* [TASK OBJECTIVE]:
Would you transcribe the line that holds "Colorful meal prep", plus every line beneath it through the end of the data, exactly and with nothing added?

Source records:

◆ ◆ ◆ ◆

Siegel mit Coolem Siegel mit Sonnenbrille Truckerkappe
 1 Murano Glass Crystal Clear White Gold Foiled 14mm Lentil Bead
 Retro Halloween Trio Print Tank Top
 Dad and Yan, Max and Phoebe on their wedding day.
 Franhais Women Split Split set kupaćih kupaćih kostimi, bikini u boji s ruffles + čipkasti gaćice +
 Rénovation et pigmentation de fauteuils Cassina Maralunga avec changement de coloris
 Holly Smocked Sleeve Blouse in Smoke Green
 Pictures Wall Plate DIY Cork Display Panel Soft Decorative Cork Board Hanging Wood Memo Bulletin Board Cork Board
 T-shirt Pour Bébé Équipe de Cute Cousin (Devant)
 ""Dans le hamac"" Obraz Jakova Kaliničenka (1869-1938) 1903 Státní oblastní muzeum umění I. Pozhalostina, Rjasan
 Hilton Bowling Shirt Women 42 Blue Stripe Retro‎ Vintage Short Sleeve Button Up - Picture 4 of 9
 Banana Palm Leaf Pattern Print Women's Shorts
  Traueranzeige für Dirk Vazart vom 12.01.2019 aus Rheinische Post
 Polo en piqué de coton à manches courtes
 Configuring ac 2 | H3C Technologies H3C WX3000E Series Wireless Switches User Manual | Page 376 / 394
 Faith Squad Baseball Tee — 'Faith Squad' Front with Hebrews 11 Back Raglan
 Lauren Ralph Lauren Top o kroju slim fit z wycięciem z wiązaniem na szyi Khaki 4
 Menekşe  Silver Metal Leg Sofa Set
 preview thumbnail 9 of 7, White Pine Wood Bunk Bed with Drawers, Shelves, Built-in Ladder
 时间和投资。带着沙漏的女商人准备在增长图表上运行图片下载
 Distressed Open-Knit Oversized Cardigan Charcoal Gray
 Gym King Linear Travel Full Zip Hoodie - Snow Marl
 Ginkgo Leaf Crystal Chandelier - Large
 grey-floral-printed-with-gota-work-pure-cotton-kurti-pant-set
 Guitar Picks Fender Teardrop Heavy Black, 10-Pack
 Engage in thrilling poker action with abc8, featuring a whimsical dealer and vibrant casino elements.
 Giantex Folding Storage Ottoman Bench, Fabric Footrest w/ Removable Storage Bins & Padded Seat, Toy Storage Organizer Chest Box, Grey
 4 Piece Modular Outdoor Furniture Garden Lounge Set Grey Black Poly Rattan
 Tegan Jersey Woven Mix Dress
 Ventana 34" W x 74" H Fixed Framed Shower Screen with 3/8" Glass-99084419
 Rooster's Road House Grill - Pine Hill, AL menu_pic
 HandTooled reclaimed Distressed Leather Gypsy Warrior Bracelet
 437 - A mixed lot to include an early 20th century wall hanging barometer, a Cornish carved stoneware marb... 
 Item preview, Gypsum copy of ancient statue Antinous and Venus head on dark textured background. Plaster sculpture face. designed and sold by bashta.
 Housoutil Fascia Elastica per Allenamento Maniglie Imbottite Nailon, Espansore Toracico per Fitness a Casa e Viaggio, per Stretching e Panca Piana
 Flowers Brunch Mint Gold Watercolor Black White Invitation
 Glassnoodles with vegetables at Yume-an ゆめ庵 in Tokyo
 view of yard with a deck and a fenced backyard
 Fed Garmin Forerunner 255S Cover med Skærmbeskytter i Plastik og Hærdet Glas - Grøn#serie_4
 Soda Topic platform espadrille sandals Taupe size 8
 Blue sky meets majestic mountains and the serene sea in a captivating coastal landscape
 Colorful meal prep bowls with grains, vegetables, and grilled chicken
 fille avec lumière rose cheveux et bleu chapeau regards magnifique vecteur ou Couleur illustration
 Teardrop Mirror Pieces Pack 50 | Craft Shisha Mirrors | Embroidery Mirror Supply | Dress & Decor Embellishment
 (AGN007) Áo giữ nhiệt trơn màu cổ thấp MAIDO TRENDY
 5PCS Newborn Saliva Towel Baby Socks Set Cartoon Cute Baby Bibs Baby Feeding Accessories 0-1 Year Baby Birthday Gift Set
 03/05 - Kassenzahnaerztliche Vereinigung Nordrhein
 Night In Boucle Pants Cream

◆ ◆ ◆ ◆

* [ANSWER SPACE]:
 Colorful meal prep bowls with grains, vegetables, and grilled chicken
 fille avec lumière rose cheveux et bleu chapeau regards magnifique vecteur ou Couleur illustration
 Teardrop Mirror Pieces Pack 50 | Craft Shisha Mirrors | Embroidery Mirror Supply | Dress & Decor Embellishment
 (AGN007) Áo giữ nhiệt trơn màu cổ thấp MAIDO TRENDY
 5PCS Newborn Saliva Towel Baby Socks Set Cartoon Cute Baby Bibs Baby Feeding Accessories 0-1 Year Baby Birthday Gift Set
 03/05 - Kassenzahnaerztliche Vereinigung Nordrhein
 Night In Boucle Pants Cream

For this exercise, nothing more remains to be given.